B.A.Mathematics and Natural Sciences, 1996 The Open University, Tel-Aviv, Israel
1. G. Avigad, Weiss A., “Method and System for Developing Cognitive Responses in a Robotic Apparatus Through Mechanical Cognition”, Provisional, EFS ID 14431891, Dec. 2012. PCT.
2. G. Avigad, Weiss A., “A Wheelchair Transportation System”, US 8,960,352, Feb, 2015.
3. Ben Hanan U., Weiss A. Zaytsev V., “Jumping Robot”, Provisional, 62/555,091, Sep. 2017.
M.Sc. Degree Committee
Kinematics and dynamics of mobile and motion platforms with emphasis on the design optimization perspective, mobility enablement, cognitive mechanics, jumping biomimetic robots, and dynamics of rigid bodies in magnetic fields.
Omnidirectional Motion Platform – Motion platforms such as those popular in flight simulators are parallel manipulators utilizing six extensible legs to control six degrees of freedom. Such platforms are used due to their ability to bear large weight, but have a very limited range of motion, singularities in their workspace and highly coupled kinematics. This research focuses on developing, modeling, and optimizing the design of an omnidirectional motion platform with unlimited, singularity-free angular motion that is decoupled from the translational motion.
Omnidirectional Mobile Robots – Most mobile robots and ground vehicles are non-holonomic, that is, they have more degrees of freedom than controls. Mobile robots utilizing omnidirectional wheels would be holonomic, thus being able to have full control over the pose of the robot instantly, without resorting to maneuvers circumventing motions that are not available for non-holonomic vehicles (such as lateral motion).
Omnidirectional Wheels design – Omnidirectional wheels are wheels with rollers on their periphery. These rollers allow for a passive degree of freedom in the rollers rolling direction. Different architectures of these wheels exist, each with its advantages and disadvantages. The common problem with such wheels is their low load capacity due to the fact that the load is concentrated on the axis of the small rollers as opposed to the large axis of the wheel.
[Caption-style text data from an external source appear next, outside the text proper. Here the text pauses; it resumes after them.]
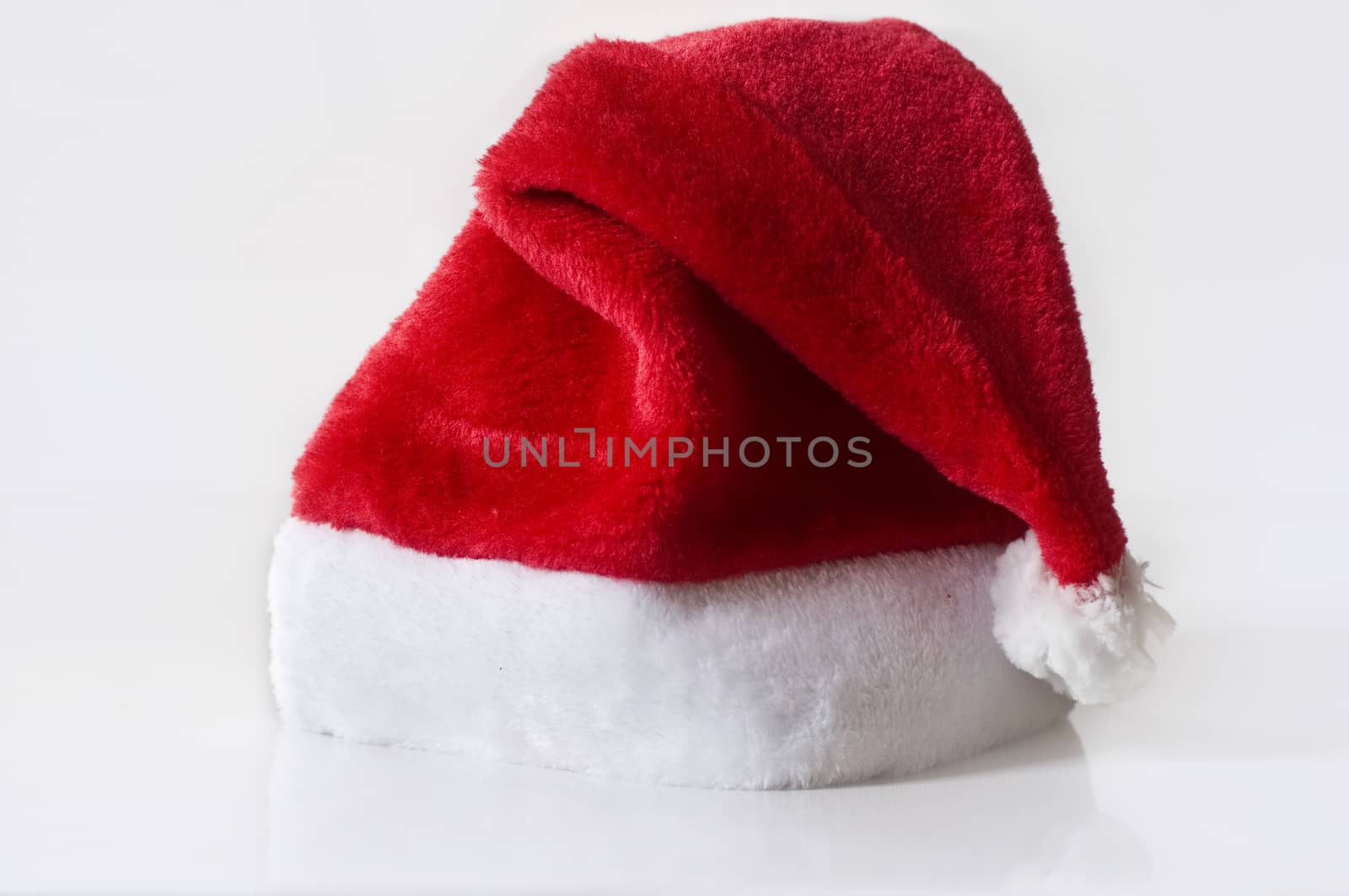 christmas hat on white background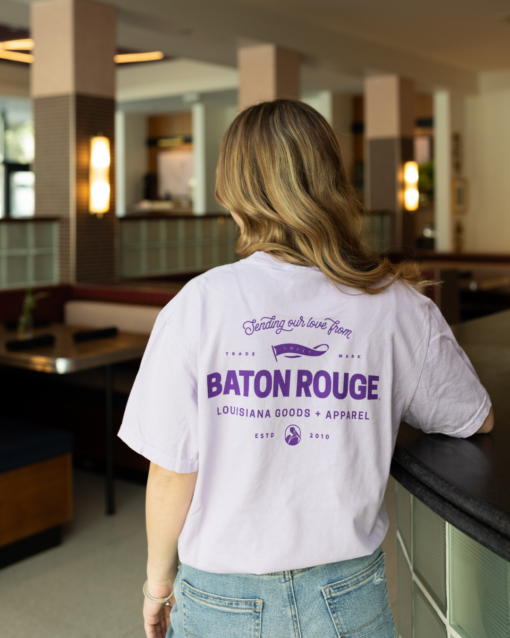 Sweet Baton Rouge  Emblem Pocket T-Shirt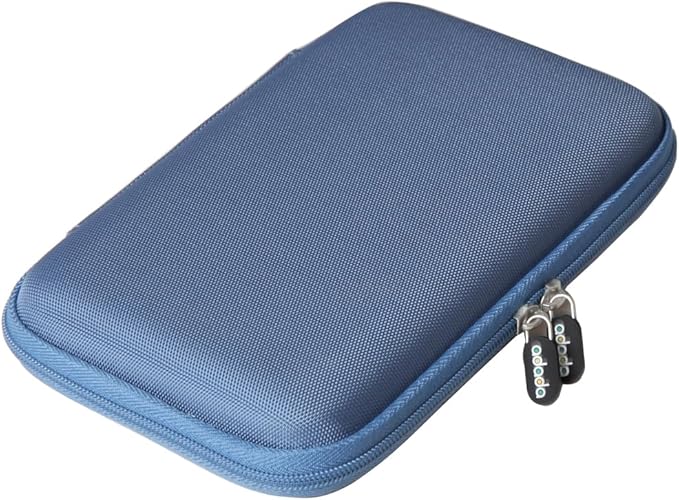 Adada Hard Case for SanDisk 500GB / 250GB / 1TB / 2TB Extreme Portable SSD (Sky Blue, Case for 3 Hard Drives)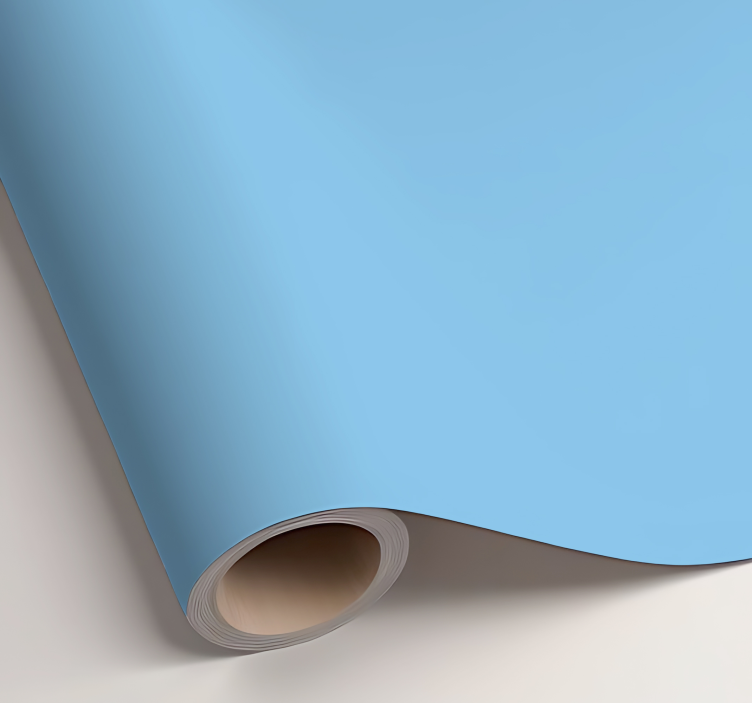 Mat nebesno modra enobarvna nalepka za rjuhe - TenStickers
In order to be able to utilize such omnidirectional wheels for high-load vehicles, this problem must be resolved.
Electromagnetic Rotational Motion Actuation and Control – Controlling rotational motion of a cylinder (one-dimensional) and sphere (two and three dimensional) over flat and curved surfaces. The ultimate goal is creating an active spherical joint.
Dynamic Immitation – Creating a robot that can imitate the dynamics of another vehicle in real time. The problem is simple when the workspace of both the robot and the vehicle are the same but when there are mismatches in the workspace of the vehicles the problem becomes one of optimization.
Mechanical Cognition – A novel concept for developing cognition in mechanical system, approaching the problem from the mechanical side of the problem instead of the traditional computer science approach. The idea is based on training a mechanical system to perform tasks when over-constrained to obtain better performance and adaptation ability when working under new unknown constrains
Jumping Biomimetic Robot – Design and Experimantal validation of a jumping robot mimicking the jumping mechanism of a grasshopper. The robot is in advanced stages, where capabilities such as stability, landing control and recovery from landing are under investigation.